The pictures in this gallery can also be viewed full size here.
On this occasion I actually removed the top plate and then replaced it rather than go any further with repairs. Although I’m going to need to get the the slow speed escapement, which means removing the mirror cage, I wanted first of all to make sure I could get the top back on and everything working before I ventured too far into the camera.
I started by removing the frame advance top cap. There are three screws which hold this in place and they can be loosened rather than completely removed. Once they have all been slackened off by a turn or so you can lift the cover off and place it on one side. With the cover off the disk with the frame numbers on is revealed and this can be removed by unscrewing the screw in the centre. It’s an anti-clockwise thread so you need to turn it clockwise to undo it. Completely remove this screw and lift the dial off with a pair of tweezers.
Under the dial is another threaded ring which is again anti-clockwise thread. I used a lens spanner to undo this but had to use one on which the points could get very close together because it’s very small. Once it’s undone and removed the washer underneath can be lifted off revealing a shaped spring washer which is screwed in position. I found this quite difficult to remove – the screws were easy enough but the washer itself has to be moved round so it can be lifted off and it doesn’t move easily. I had to use a small screwdriver and push it round using each of the three raised areas in turn to inch it round.

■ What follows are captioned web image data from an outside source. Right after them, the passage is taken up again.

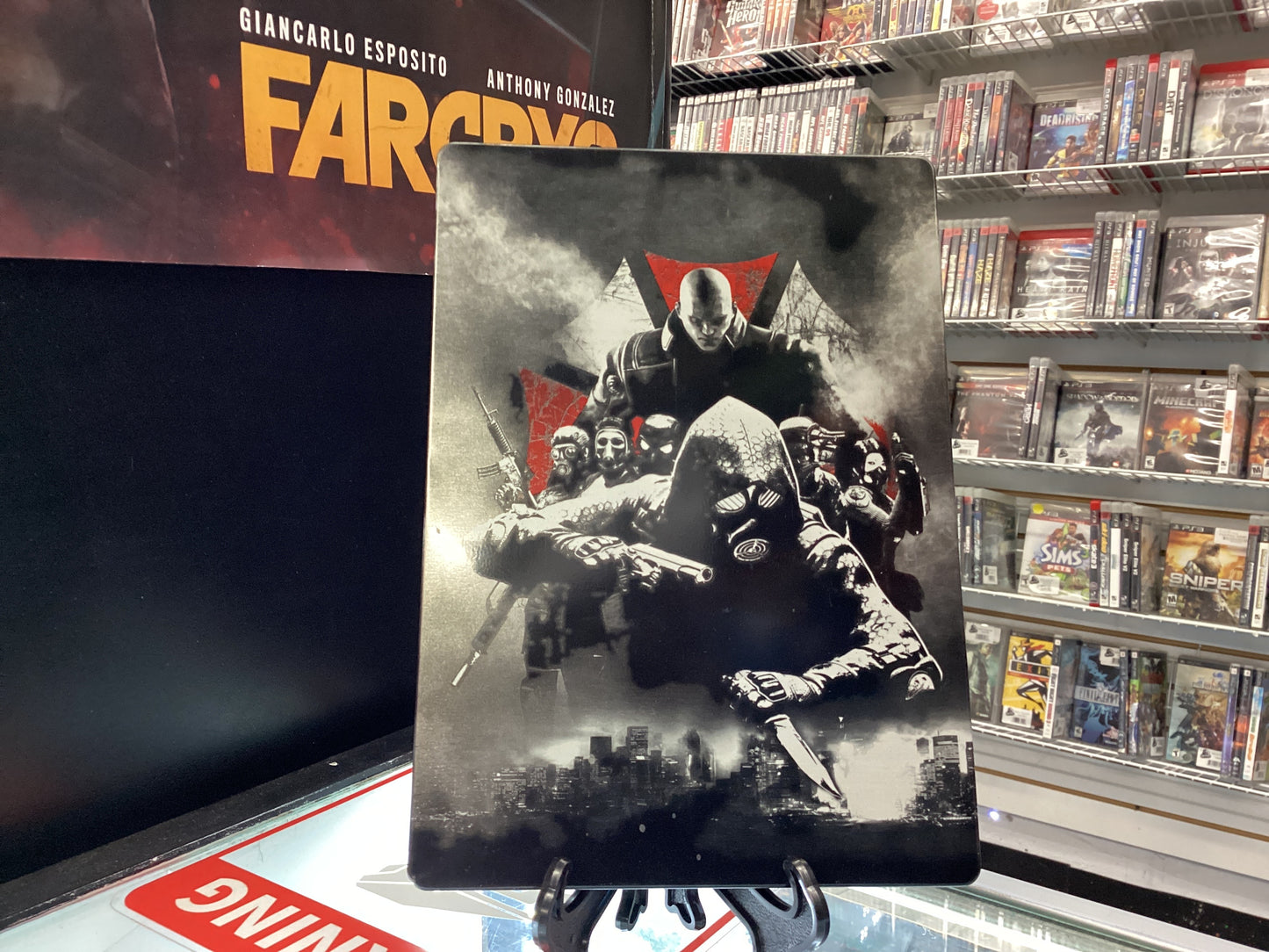 Xbox 360 Resident Evil: Operation Raccoon City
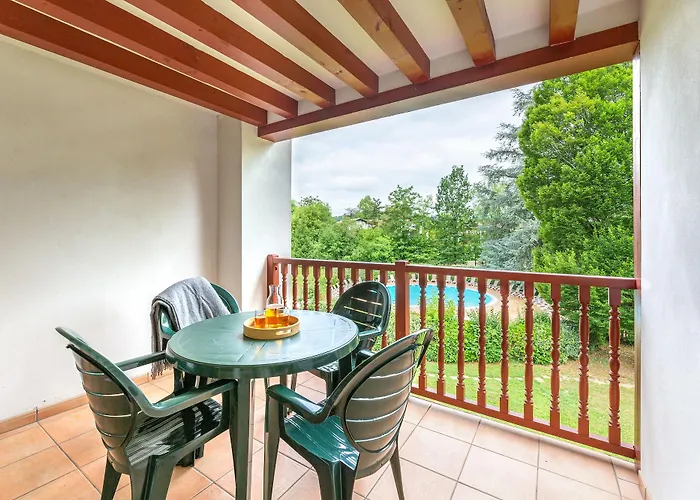 아파트 Le Parc D'arradoy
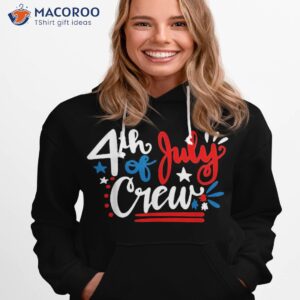 4th of july crew shirt independence day family matching hoodie 1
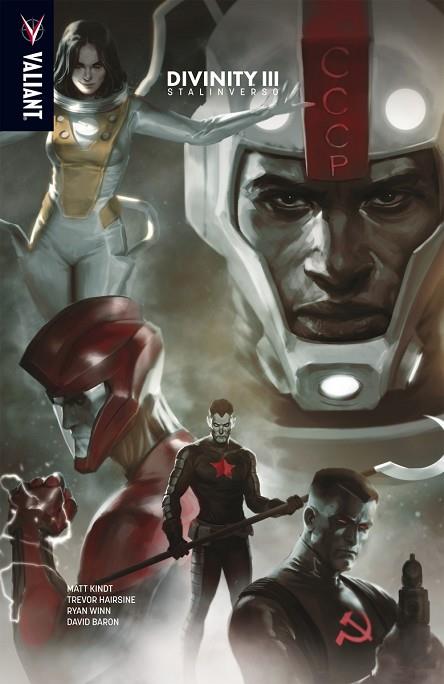 Divinity III | 9788417390310 | Kindt, Matt | Librería Castillón - Comprar libros online Aragón, Barbastro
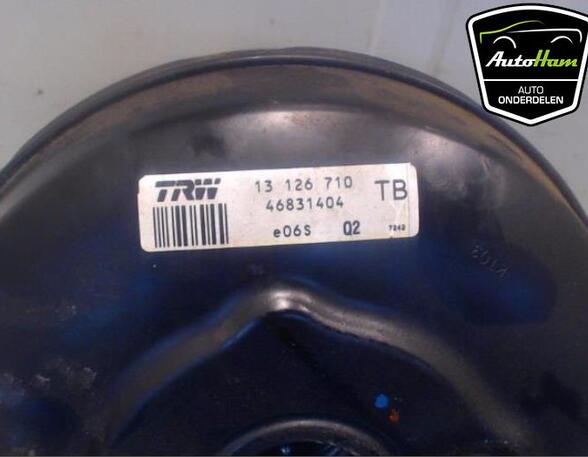 Brake Booster OPEL VECTRA C GTS (Z02)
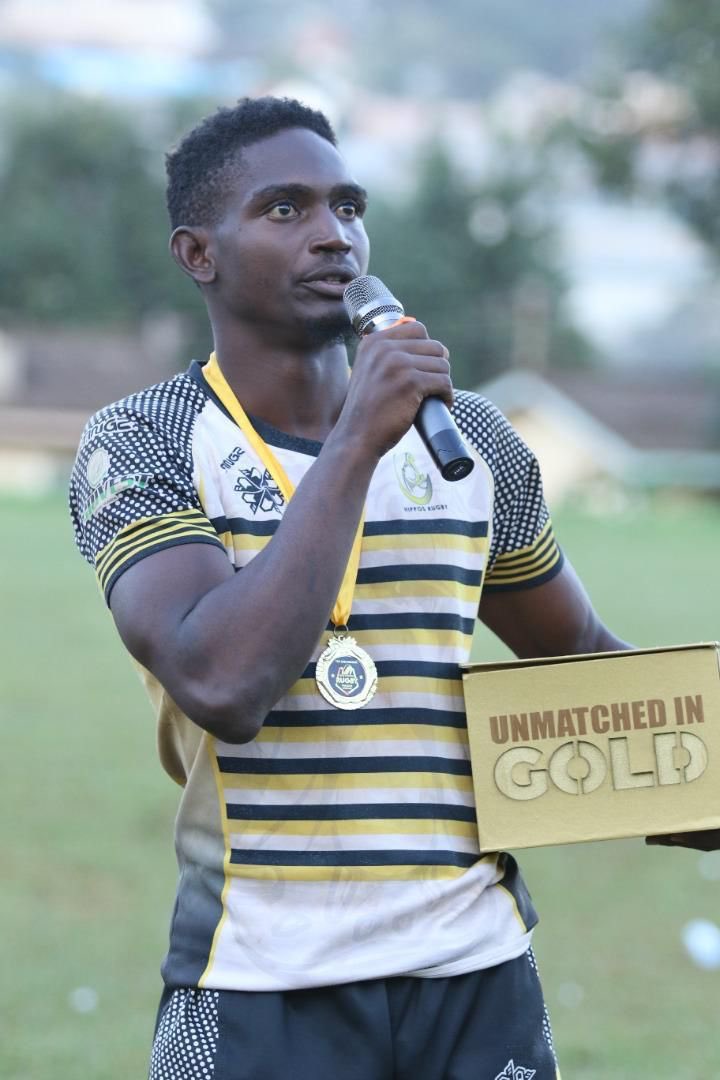 Walukuba barbarian fans (@walukubafans) on Twitter photo Whenever <a href="/Rujusss/">Son Of The Soil</a> held the mic, he emphasized player welfare like no other.
We shall miss the strongest scrum tales from a true advocate.
Now, go shine on the international stage and keep pushing for the players’ rights.
#PlayerWelfare #RujumbaLegacy Whenever <a href="/Rujusss/">Son Of The Soil</a> held the mic, he emphasized player welfare like no other.
We shall miss the strongest scrum tales from a true advocate.
Now, go shine on the international stage and keep pushing for the players’ rights.
#PlayerWelfare #RujumbaLegacy
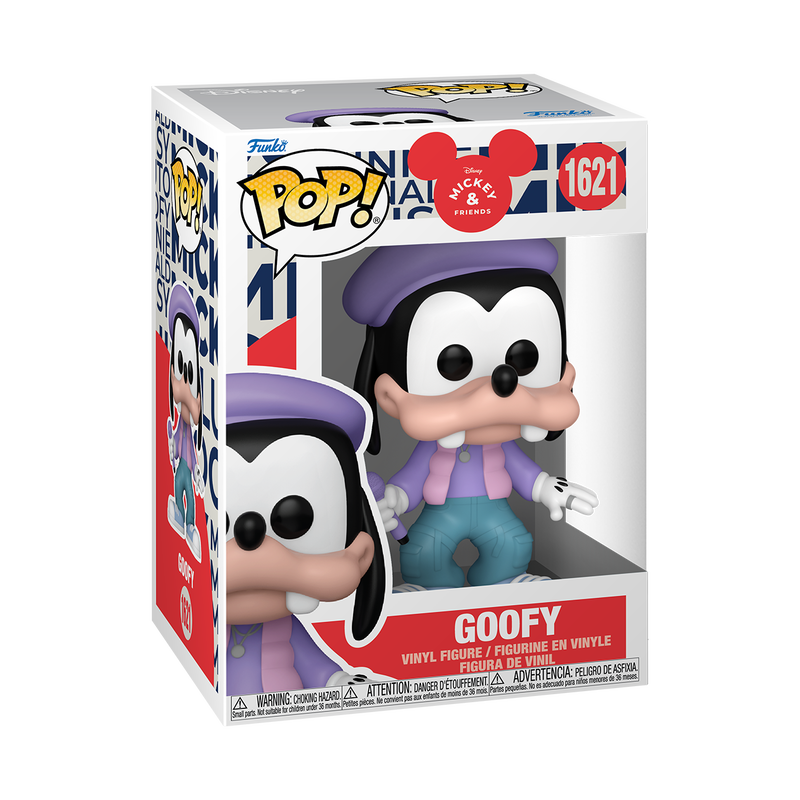 Pop! Vinyl - Mickey Mouse - KPOP Goofy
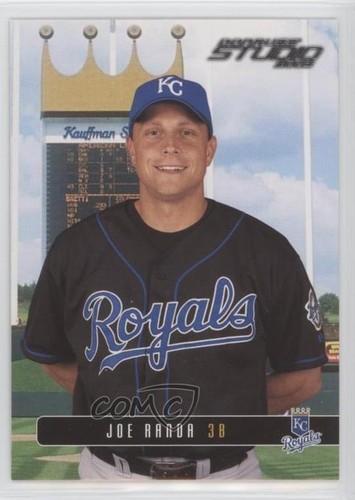 2003 donruss studio - studio, randa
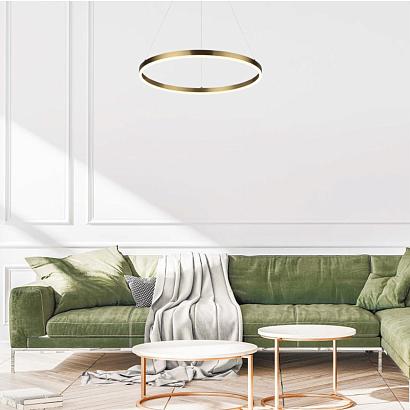 6531/50l ledio ln23 017 светильник подвесной echo, доставка по Казахстану 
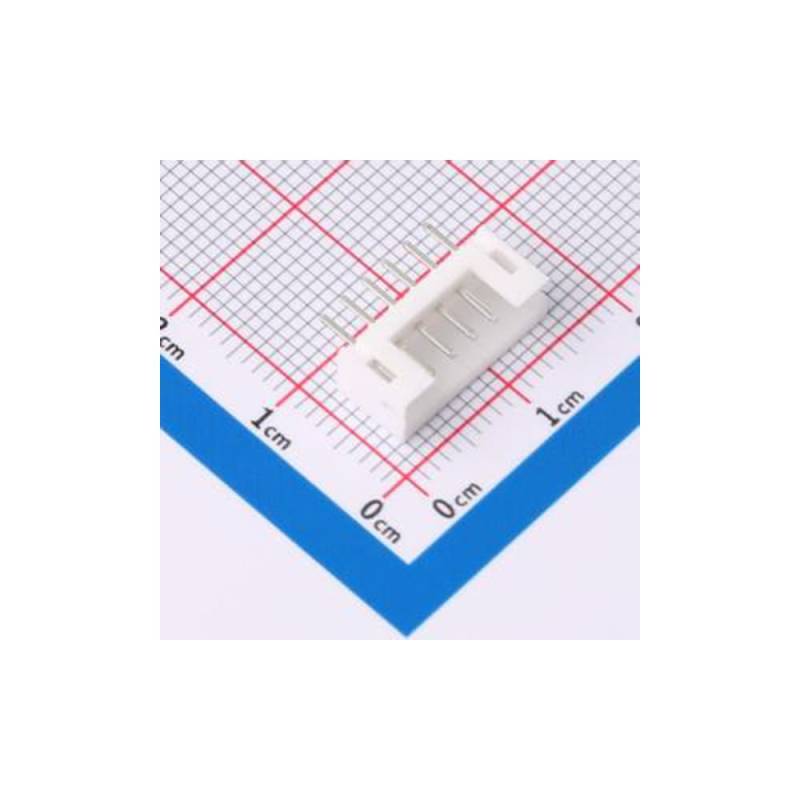 (10 Stück) ZX-PH2.0-ZZ6P P = 2 mm von IRLML6402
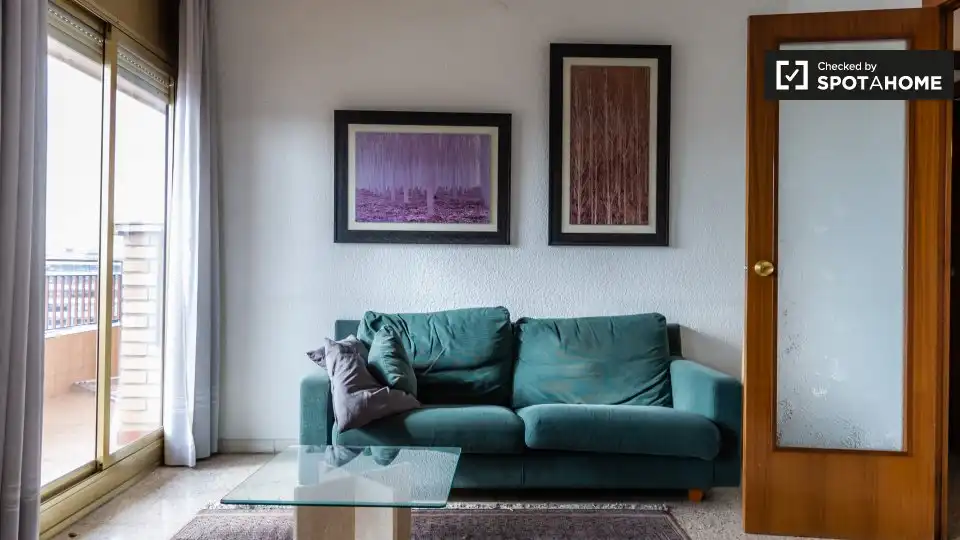 Habitación en El Parc i la Llacuna del Poblenou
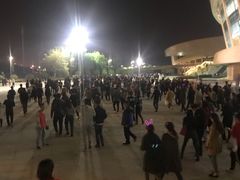 -梦之蓝青奥体育公园体育馆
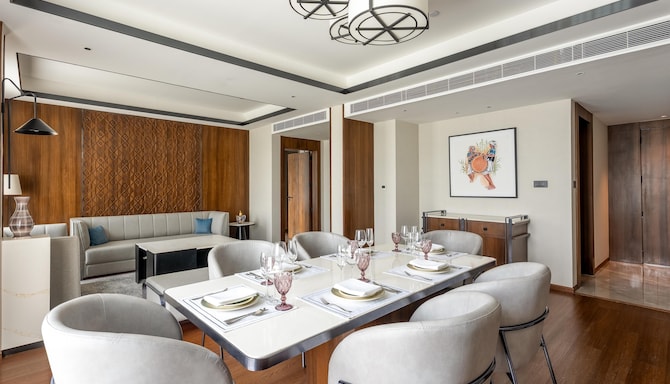 Radisson Blu Hotel, Guwahati - Presidential Suite
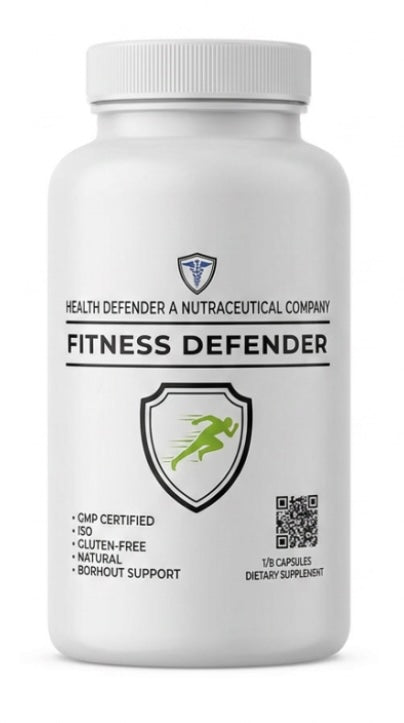FITNESS DEFENDER™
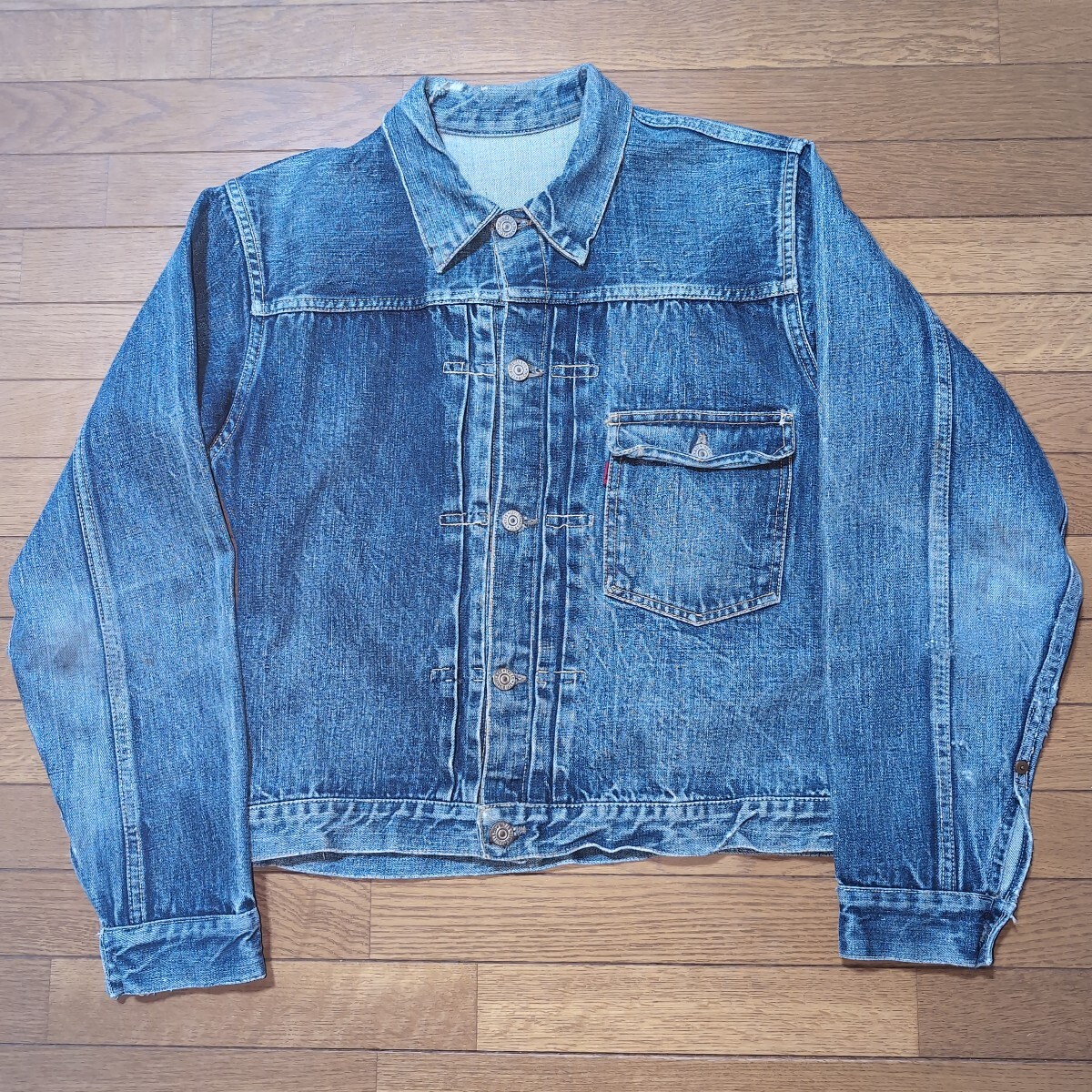 2025年最新】Yahoo!オークション -levi's s506xxの中古品・新品 2025年最新】Yahoo!オークション -levi's s506xxの中古品・新品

With that washer off the film advance lever just lifts away and you can also remove the dust washer underneath it.
The speed setting ring is next to remove. There is a small screwed centre piece which I unscrewed with a pair of tweezers. You have to be careful at this point because the speed dial and the iso dial under it are sprung loaded and so you need to keep you finger on the speed dial as you undo the center piece otherwise it could spring out when released. With the centre piece removed, the rest of the speed dial just lifts off. There are some small screws on the outer surface of the speed dial – you don’t need to remove them.
The rewind crank is removed in the usual way. Just hold a screwdriver in the prongs of the rewind shaft and unscrew the top. Once it’s off the large ring underneath can be unscrewed with a lens spanner and you then have access to the final screw which holds the top plate on. Remove two screws on the rewind side and one on the film advance side and the top plate lifts off.
I found a fair amount of dirt and muck in the top of my camera and I cleaned around the metal top plate and all the components with some cotton buds soaked in IPA. Once it was all clean I put it all back together.
The reassembly is the reverse of the disassembly, but I’d recommend the following order.
Put the rewind crank on first so you can open the back if required. Then put on the film advance so you can check the film counter is resetting by closing the back, advancing the film a few frames and checking the film counter zeros when the back is opened. Finally reassemble the film speed/shutter assembly.
Points I noticed when reassembling were:
- The sprung washer on the film advance is just as tricky to get on as it was to get off. You place it down so the raised areas align with the gaps in the film advance lever and then move it round so the screw holes align.
- When you put the cover on the film advance it will be impossible to line up the arrow on the cover with the correct number on the film counter initially. The best way to do it is to reassemble the counter without the cover, close the back and advance the film by three strokes then align the cover with the 0 mark. This will then be correct for when you load a film.
- When you reassemble the shutter speed dial there are obvious pegs and holes to line up. As long as you get these in alignment it will all work ok.
- It is a pain holding the shutter speed dial down against the spring while you do up the centre treaded screw.